Et cela serait-il, même, et que l’un d’eux soudain me prenne sur son coeur : trop forte serait sa présence et j’y succomberais.

Car le Beau n’est rien autre que le commencement de terrible, qu’à peine à ce degré nous pouvons supporter encore; et si nous l’admirons, et tant, c’est qu’il dédaigne et laisse de nous anéantir.

Tout ange est terrible. Il me faut donc ainsi me retenir et ravaler en moi l’obscur sanglot, ce cri d’appel. Mais hélas! Vers qui se tourner?

A qui donc, mais à qui donc peut-on s’adresser? A l’ange, non!
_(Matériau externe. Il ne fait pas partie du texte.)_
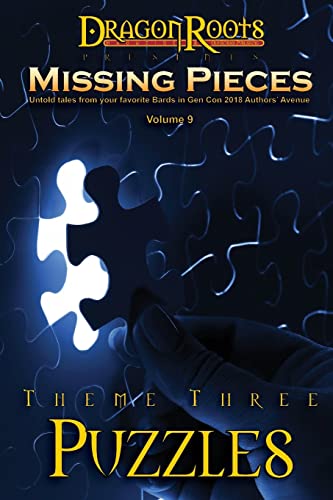 Stock image for Missing Pieces IX for sale by ALLBOOKS1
A l’homme, non!

Et les animaux pressentent et savent, dans leur sagesse, qu’on ne peut pas s’y fier : que nous n’habitons pas vraiment chez nous dans le monde interprété »

     Paris 24 août 2005                                     Jean Charmoille


[1] Cet essai, écrit un an après un exposé improvisé au festival d’Art Lyrique OPUS-GATTIERES Autour de « Cosi fan tutte » de Mozart à Saint Paul les 31 juillet et 1er août 2004, prend en compte les questions qui ont suivi et les élaborations qui sont venues dans l’année 2004/2005 au cours de mon séminaire à Paris.
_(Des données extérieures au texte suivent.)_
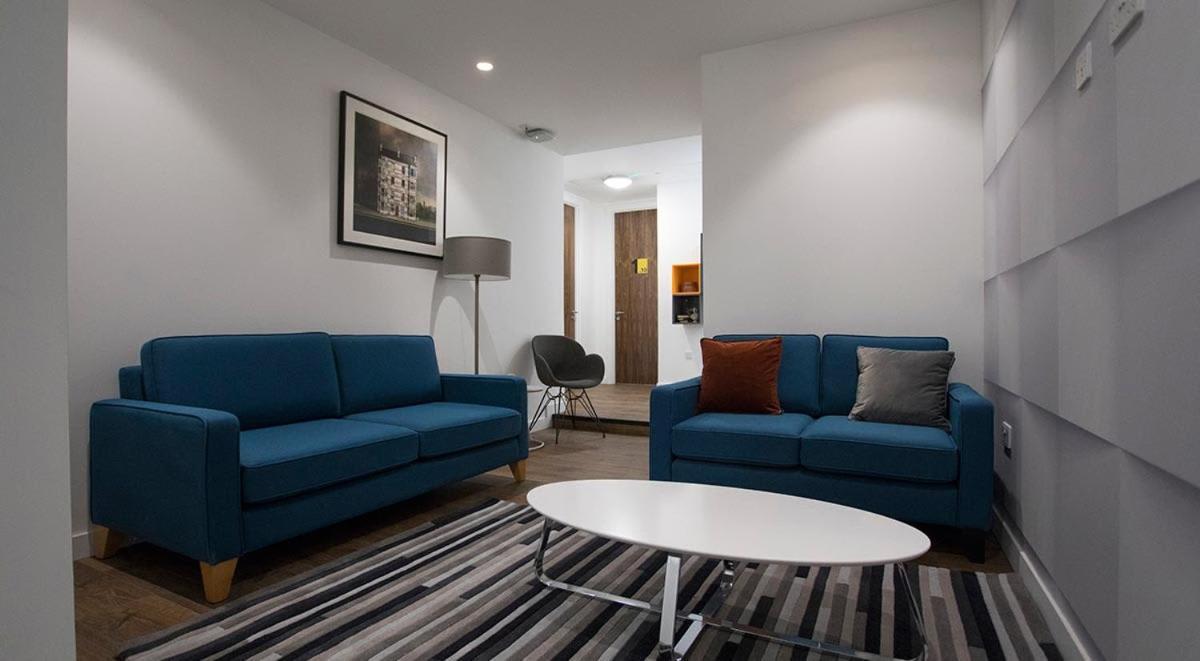 Modern City Living Studios At Riverside In The Heart Of Glasgow Exterior photo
Le premier Numéro de la revue Insistance éditée chez Erès en octobre 2005 offre un développement sous le titre « Mozart et le cri de Don Juan ».

[2]  J’écris Don Juan en italique quand il s’agit de l’opéra, réservant l’écriture normale quand il s’agit du personnage.

[3] comme lieu impensable de l’Altérité puisque le temps est l’espace et réciproquement

[4] en hommage au séminaire de Lacan Les non-dupes errent, notamment à la séance du 9 avril 1974.

[5] A rapprocher de l’Altérité déjà cité mais aussi d’une jouissance Autre qui vient à notre rencontre à la fin de ce texte.

[6] Il ne s’agit pas de l’explication psychanalytique de l’art et de l’opéra en particulier.

[7] J. Lacan Les Ecrits Seuil pp 197-213

[8] Je le remercie de m’avoir donné cette information.

[9] Le 9 avril 1974, Les non-dupes errent. Séminaire inédit déjà cité.

[10] Jusque là, la dissonance, qui essayait de faire entendre ce qui échappe à la loi souveraine de la tonique, devait revenir dans les limites de la consonance. Schoenberg, dans son deuxième quatuor à cordes, en 1907-1908,  remet en cause l’autorité qui dirige la musique occidentale, en libérant la dissonance. Nous supposons qu’il fait entendre, par cet acte sans précédent, le champ illimité de l’Altérité en musique.

[11] J Lacan. Encore.  Séminaire du 13 février 1973. Seuil p 55.

[12] R.M.Rilke Les Elégies de Duino. Les sonnets à Orphée. Edition bilingue. Points p.9.